Along the trail, be sure to keep your eyes open for the plenteous interesting sights to check out such as the Villosa pitcher plant as well as a view of the Carson miniature waterfall.

Upon arriving at Panalaban, climbers will have some time to rest and recharge their energy. The climb to the summit resumes before dawn, normally at 2am the next morning. The climb to reach the summit requires climbers to hold onto a rope. Therefore, climbers are advised to wear thick woven gloves in order to ward off the cold as well as to prevent their palms from getting cuts. The climb from Panalaban to the summit normally takes 4 to 5 hours.

Another exciting way to conquer Mount Kinabalu is through the Mountain Torq Via Ferrata trail.

UPDATE: Since the 2015 earthquake, the Mesilau trail has since closed and climbers are only allowed to climb up and down Mount Kinabalu via the Summit trail.


Kinabalu Park

Kinabalu Park – A World Heritage Site

On the rainforest-clad island of Borneo lies Kinabalu Park, Malaysia’s first World Heritage Site declared by UNESCO. Kinabalu Park was established in 1964 to protect Mount Kinabalu and its plant and animal life. The biggest attraction in Kinabalu Park would be Mount Kinabalu, one of the world’s most prominent mountains, and the Mount Kinabalu Botanical Garden.

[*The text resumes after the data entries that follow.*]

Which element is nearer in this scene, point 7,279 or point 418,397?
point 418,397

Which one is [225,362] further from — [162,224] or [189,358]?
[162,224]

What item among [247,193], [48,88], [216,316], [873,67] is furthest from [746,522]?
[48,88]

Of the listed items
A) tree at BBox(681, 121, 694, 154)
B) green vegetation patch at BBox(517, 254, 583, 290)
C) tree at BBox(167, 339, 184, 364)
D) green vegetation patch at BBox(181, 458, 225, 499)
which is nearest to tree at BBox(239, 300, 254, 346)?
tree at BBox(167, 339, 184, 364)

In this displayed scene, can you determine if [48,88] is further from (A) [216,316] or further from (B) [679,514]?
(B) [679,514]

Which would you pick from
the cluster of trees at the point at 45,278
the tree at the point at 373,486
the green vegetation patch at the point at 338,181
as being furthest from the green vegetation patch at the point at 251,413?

Kinabalu Park is a scenic 2-hour drive from Kota Kinabalu, the capital of Sabah. The Park covers an area of 754 square kilometers (291 square mile), has four climatic zones and also one of the richest collections of flora and fauna in the world.

The gateway to the mountain is the Kinabalu Park Headquarters, situated 1,563 metres on its southern boundary. A variety of accommodation, restaurants and an exhibition centre are available here. This is also where visitors pay the entrance fee to the park and register if they are a climber. Visitors can explore the Mountain Garden on their own or join the park’s naturalist on a guided walk along the many trails available.

About Kinabalu Park

Kinabalu Park was established as one of the first national parks in Malaysia in 1964. It is also Malaysia’s first World Heritage Site designated by UNESCO in December 2000 for its ‘outstanding universal values’ and the role as one of the most important biological sites in the world, housing more than 4,500 species of flora and fauna – including 326 bird species, an estimated of over 100 mammal species and over 110 land snail species.

Located on the west coast of Sabah, Malaysian Borneo, Kinabalu Park covers an area of 754 square kilometres surrounding Mount Kinabalu, which at 4,095.2 metres, is the highest mountain on the island of Borneo. Kinabalu Park is one of the most popular tourist spots in Sabah and Malaysia in as a whole. Thousands of visitors come to Sabah annually to climb Mount Kinabalu and to experience the mystical beauty of its nature.

Kinabalu Park was discovered by British colonial administrator and naturalist, Hugh Low in 1895, during a serendipitous expedition from Tuaran to Kundasang. Sir Hugh Low is also the first recorded man to reach the peak of Mount Kinabalu and the highest peak of the mountain – Low’s Peak – is named in his honour.